(Caption-style text data)
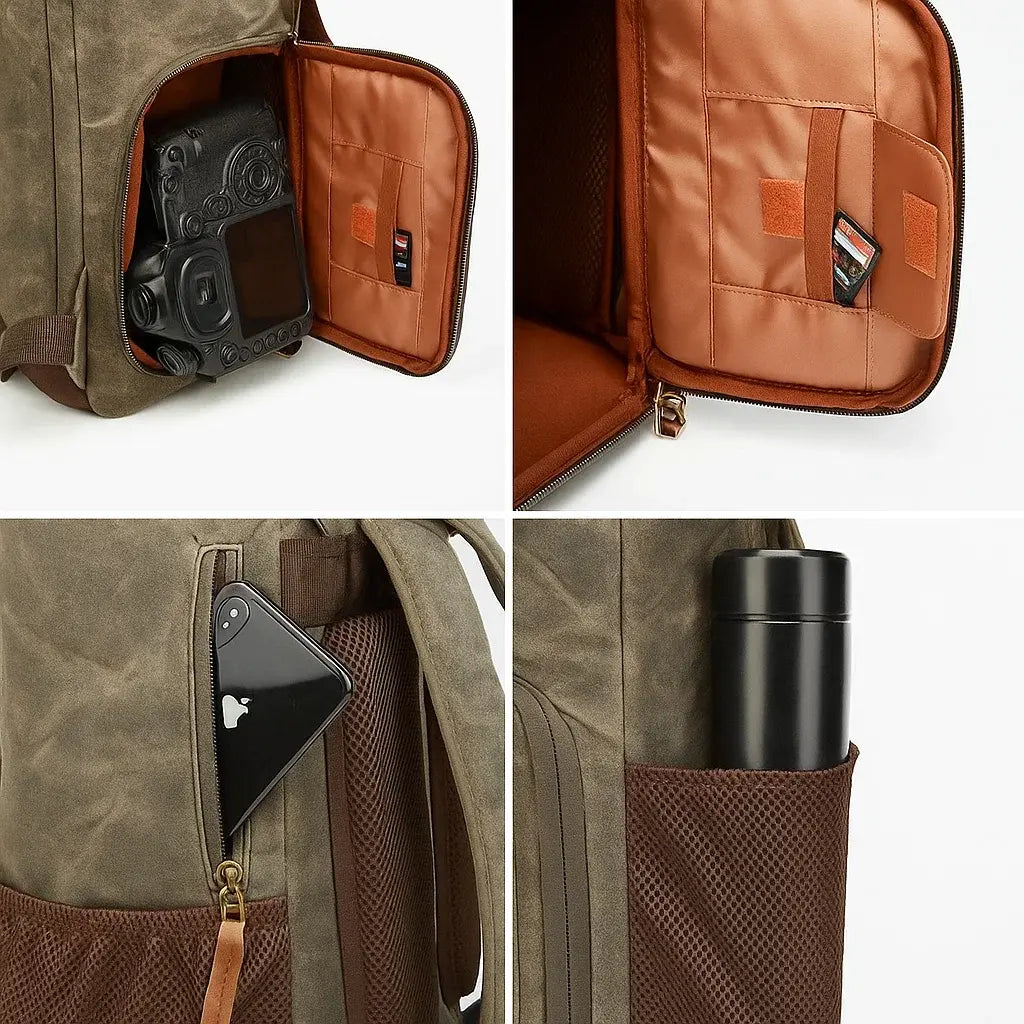 Poches latérales du sac à dos photo en toile pour trépied, gourde ou accessoires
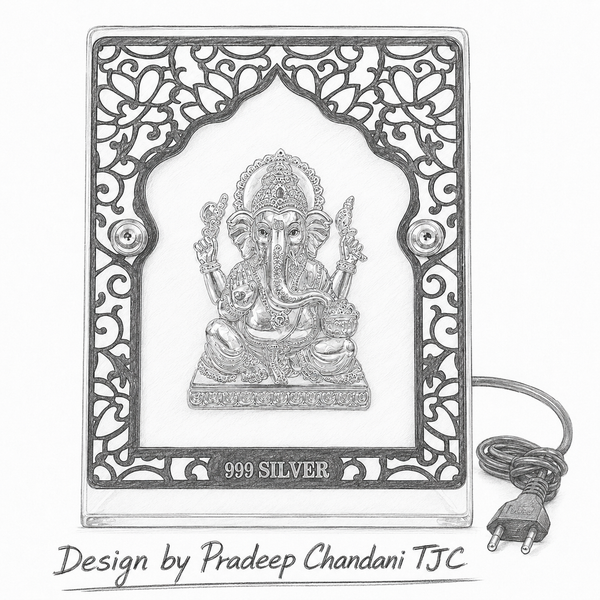 925 Fine Silver |Lord Ganesha with Light | Illuminated Ganesh Idol | Hindu Home Temple Decor | Spiritual Gift |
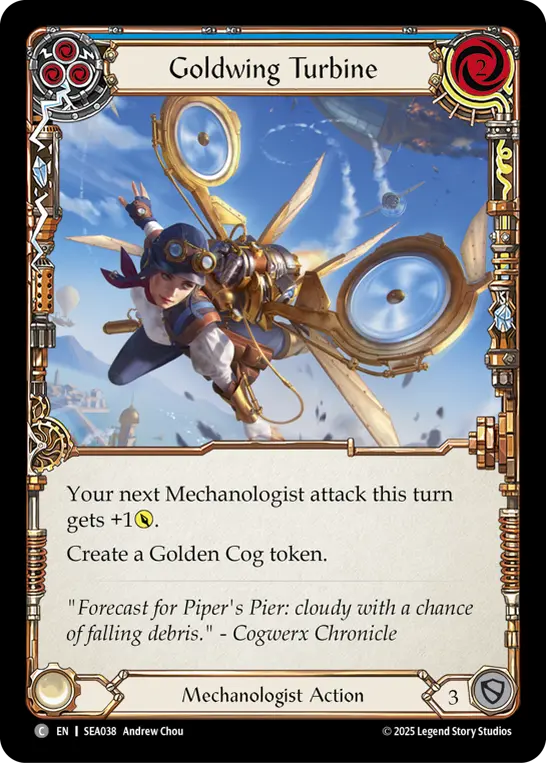 Goldwing Turbine (Blue) — High Seas Flesh and Blood card by Andrew Chou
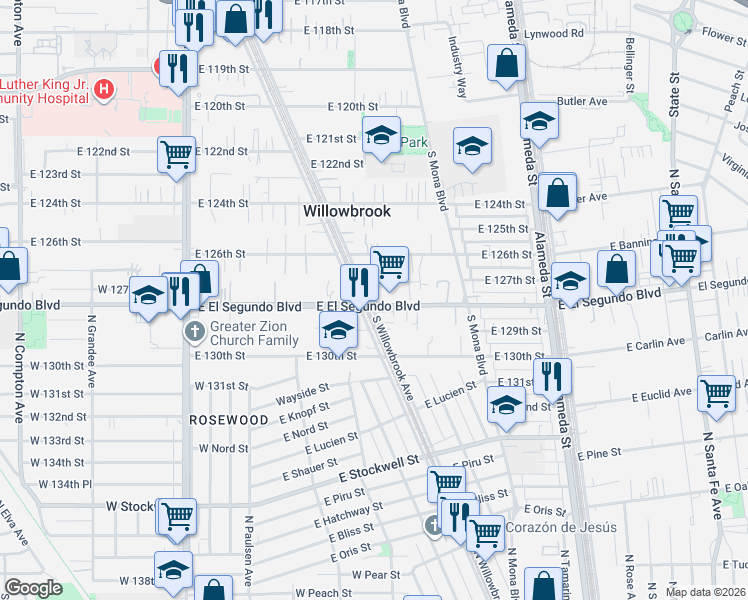 map of restaurants, bars, coffee shops, grocery stores, and more near 2303 East El Segundo Boulevard in Compton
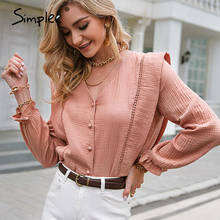 Simplee Cotton Solid V-neck Long Sleeve Women Casual Blouse Spring Summer Stitching Button Top Shirts Elegant Office Lady Blouse 2024 - buy cheap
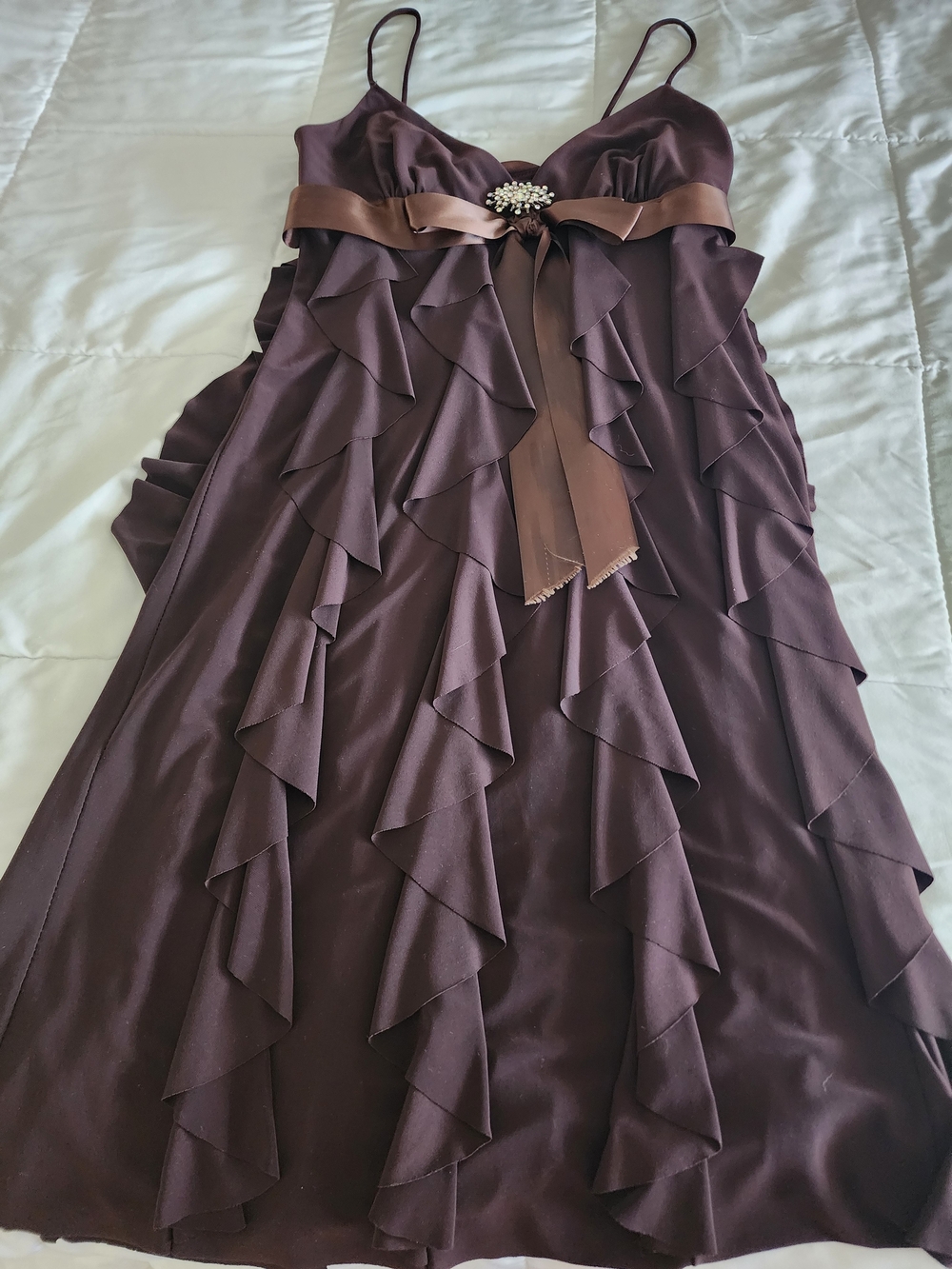 Cache Women's Brown Ruffled Evening Skirt with Satin Waist Tie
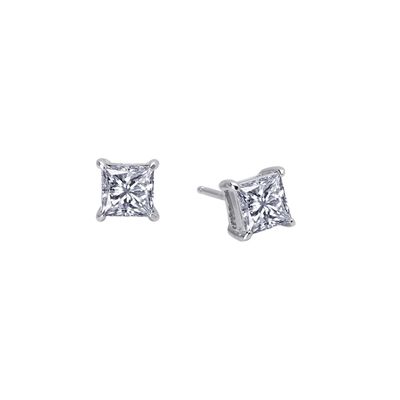 SS 1.50ctw Simulated Diamond Princess Cut Stud Earrings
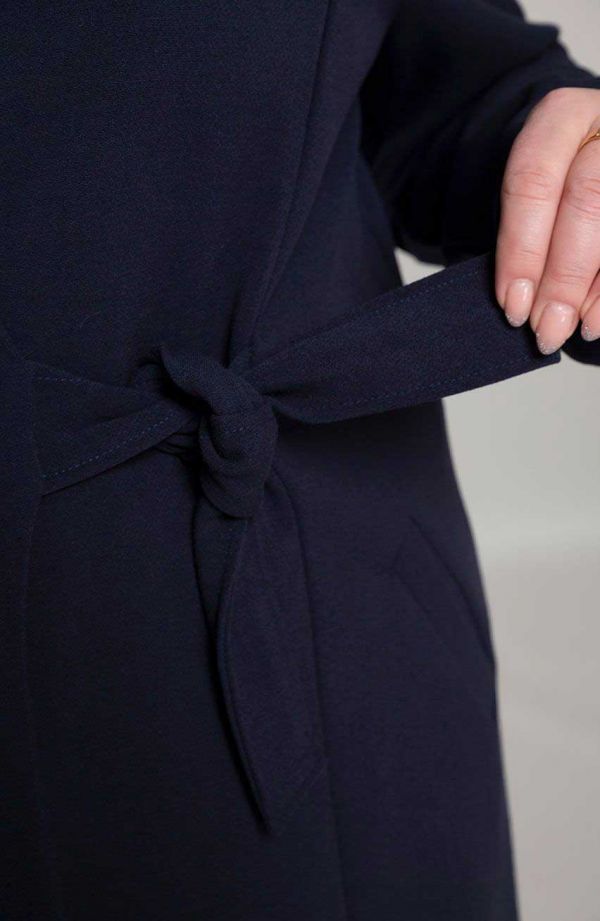 Palton bleumarin cu cordon în talie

• PROMPT:
Would you retype the lines from the line containing "SS 1.50ctw Simulated" to the final line of the entries above, exactly as given and without pictures?

• SOLUTION BELOW:
 SS 1.50ctw Simulated Diamond Princess Cut Stud Earrings
 Palton bleumarin cu cordon în talie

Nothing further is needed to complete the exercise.